Often considered a pop rock or teen pop band in a similar vein to Busted, Rooster were more influenced by hard rock acts such as Led Zeppelin and Cream. Atkinson and Potashnick led the majority of songwriting on the first album, with Smyth and Neale contributing more to the second. Rooster was a commercial success, reaching number three on the UK Albums Chart.

History

2003–2005: Early years and debut album
After his previous band 50.Grind broke up, singer Nick Atkinson formed Rooster with childhood friend Luke Potashnick, who had attended Eastbourne College with him on guitar. The pair began writing songs together, before enlisting drummer Dave Neale (who had previously toured with Potashnick) and then bassist Ben Smyth (after advertising the role in the music press) to complete the lineup of the band in late 2003. The name Rooster was chosen based on that of a horse on which Atkinson won £250 in a bet.
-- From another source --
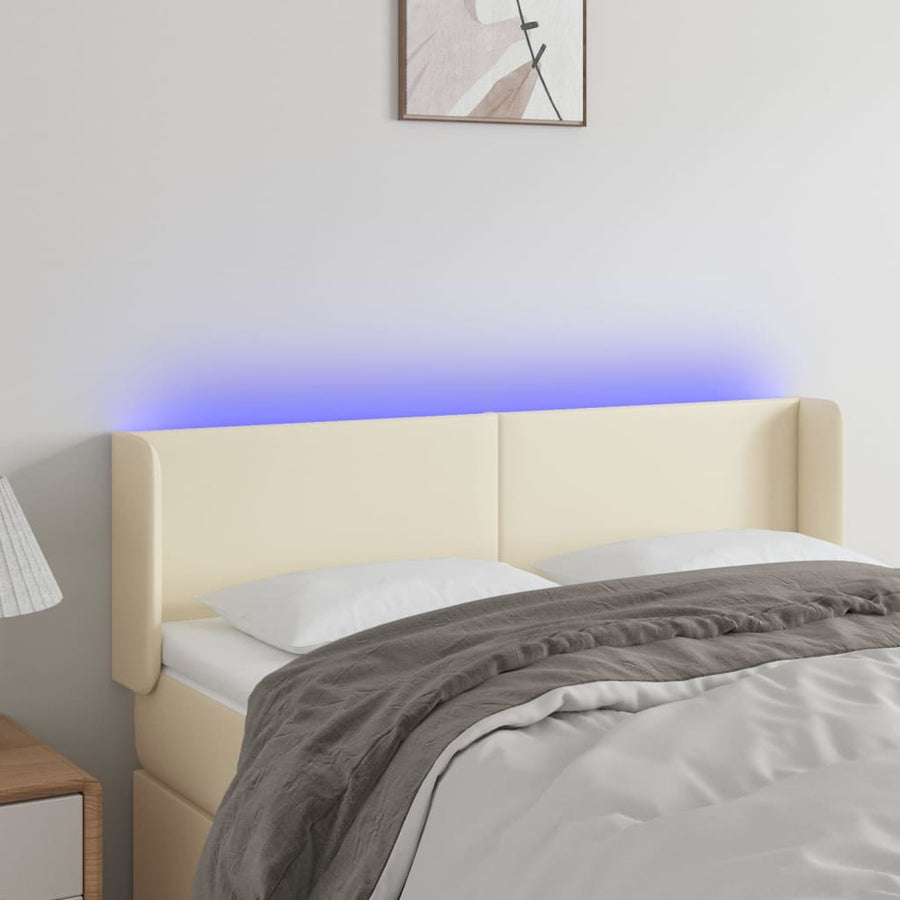 Hoofdbord Led Kunstleer Kleurig 147 x 16 x 78/88 cm Crème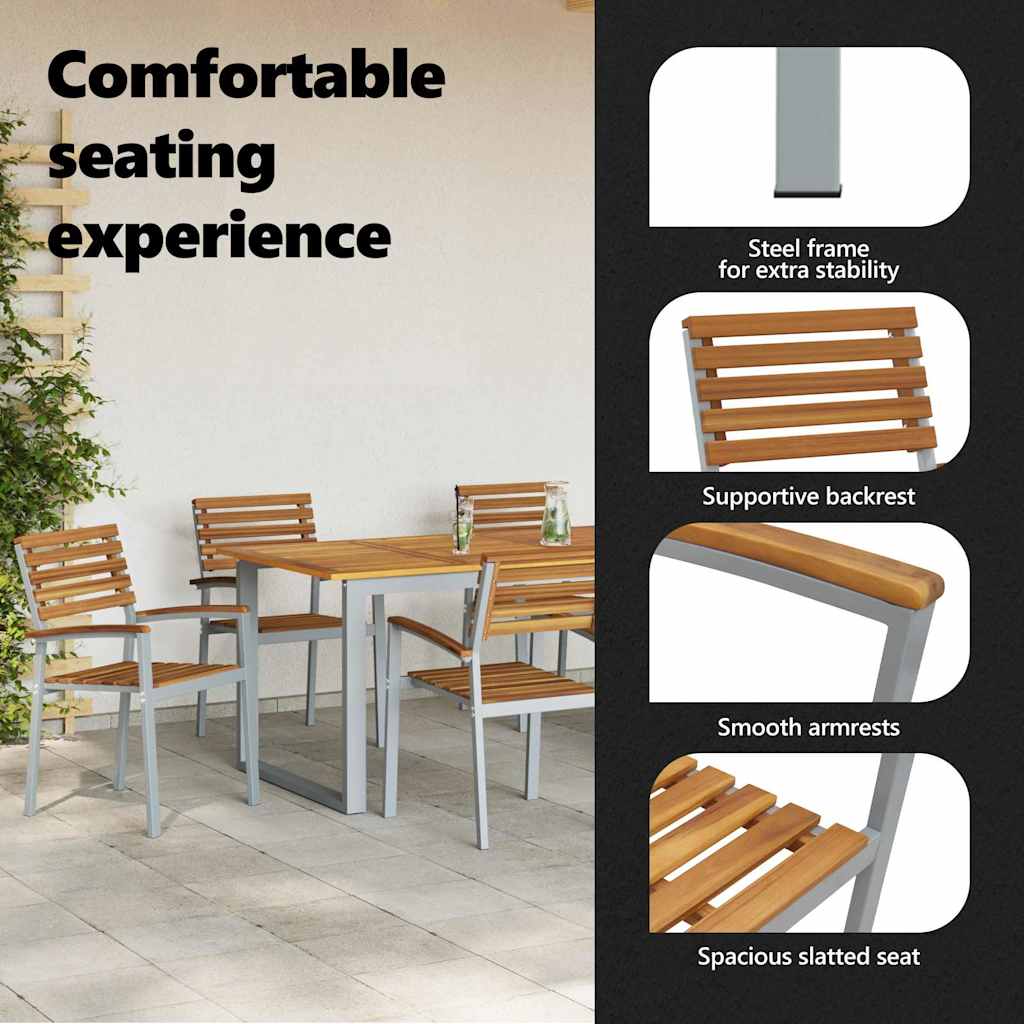 Garden Chair 6 pcs Brown 56 x 57 x 87 cm Solid Acacia Wood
Rooster signed with Hugh Goldsmith's Sony BMG sub-label Brightside Recordings and recorded their debut album with producers including Steve Robson, Pete Woodroffe and Charlie Grant. The band released their first single "Come Get Some" on 11 October 2004, which reached number 7 on the UK Singles Chart. Also in 2004, the group became the first to broadcast a live performance over the 3G mobile phone network. "Staring at the Sun" followed on 10 January 2005, which peaked at number 5 on the UK Singles Chart.
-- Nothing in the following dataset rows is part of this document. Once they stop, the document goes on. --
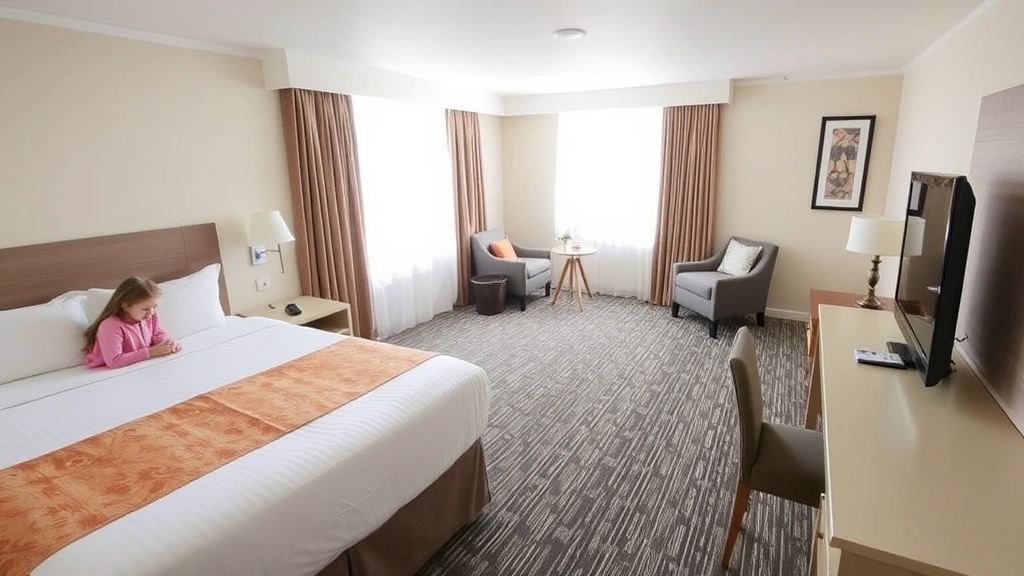 Spacious family hotel room with two queen beds, bright natural light from windows, modern amenities, and welcoming decor suitable for children and parents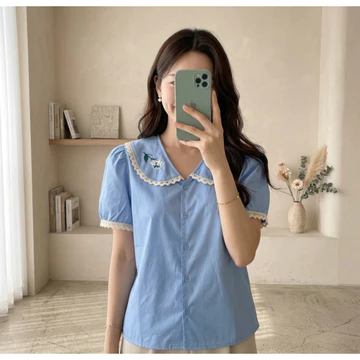 Cotton Bells Resti Top Atasan Kerja Casual Wanita Premium Baju Blouse Lengan Pendek Korea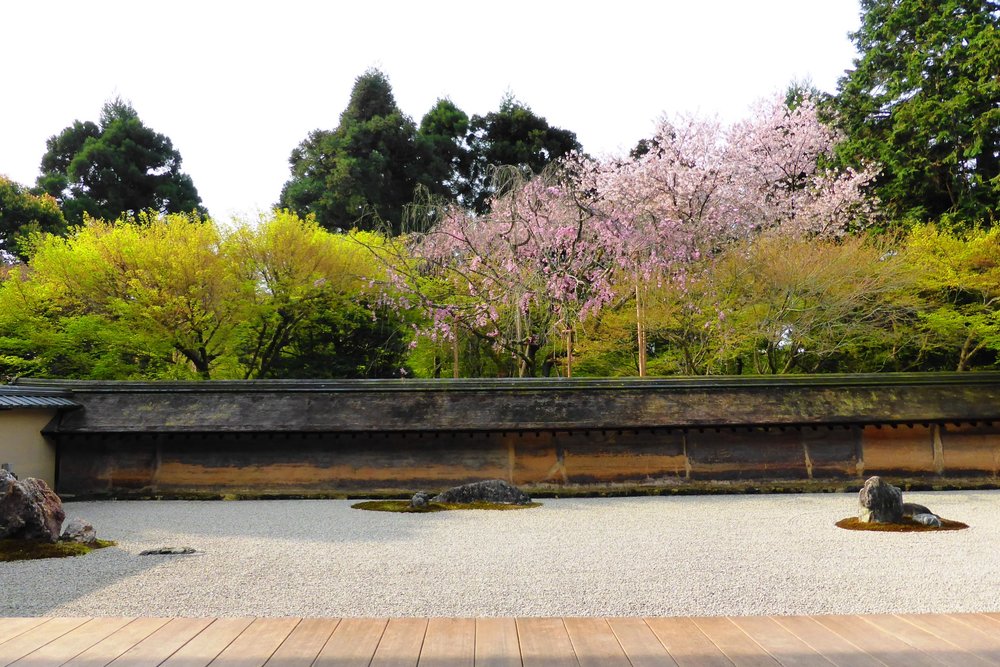 The rock garden at Ryoan-ji Temple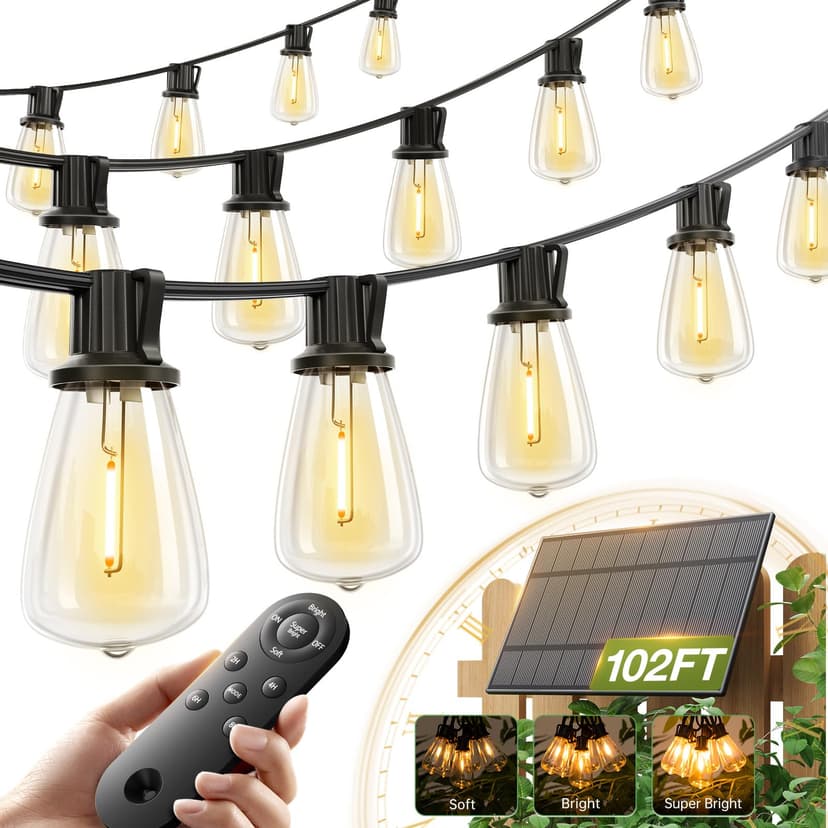 addlon 102(96+6) FT Solar String Lights Waterproof, 48+4 LED Shatterproof | Patio Light Solar Powered with Remote & USB Port 3 Modes, Outdoor Lighting for Camping Porch Backyard Garden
Two weeks after "Staring at the Sun", Rooster's self-titled debut album was released on 24 January 2005. The album reached number 3 on the UK Albums Chart, behind Push the Button by The Chemical Brothers and Hot Fuss by The Killers, and as of July 2006 had sold over 500,000 copies, approximately half of which were in the UK. "You're So Right for Me" and "Deep and Meaningless" were released as the final two singles from the album, reaching 14 and 29 on the UK Singles Chart, respectively. Rooster toured in promotion of the album, reportedly playing a total of over 150 shows in 2005.

2005–2007: Second album and breakup
After promotion of their self-titled debut album, Rooster recorded the follow-up with producer Matt Wallace in Los Angeles, California. The resulting album, Circles and Satellites, was originally released in Japan in June 2006, where it reached the top ten of the Oricon Albums Chart. The lead single from the album, "Home", was released in July and reached number 33 on the UK Singles Chart. Circles and Satellites was subsequently delayed, after a planned release on 24 July, eventually being released in the UK on 2 October. It reached number 192 on the chart.

The band toured extensively in promotion of the release, with regular support band GetAmped joined on each date by various local acts nominated by fans. "Good to Be Here", which was also featured on the soundtrack to the film Stormbreaker, was released as the second single from the album, but failed to chart.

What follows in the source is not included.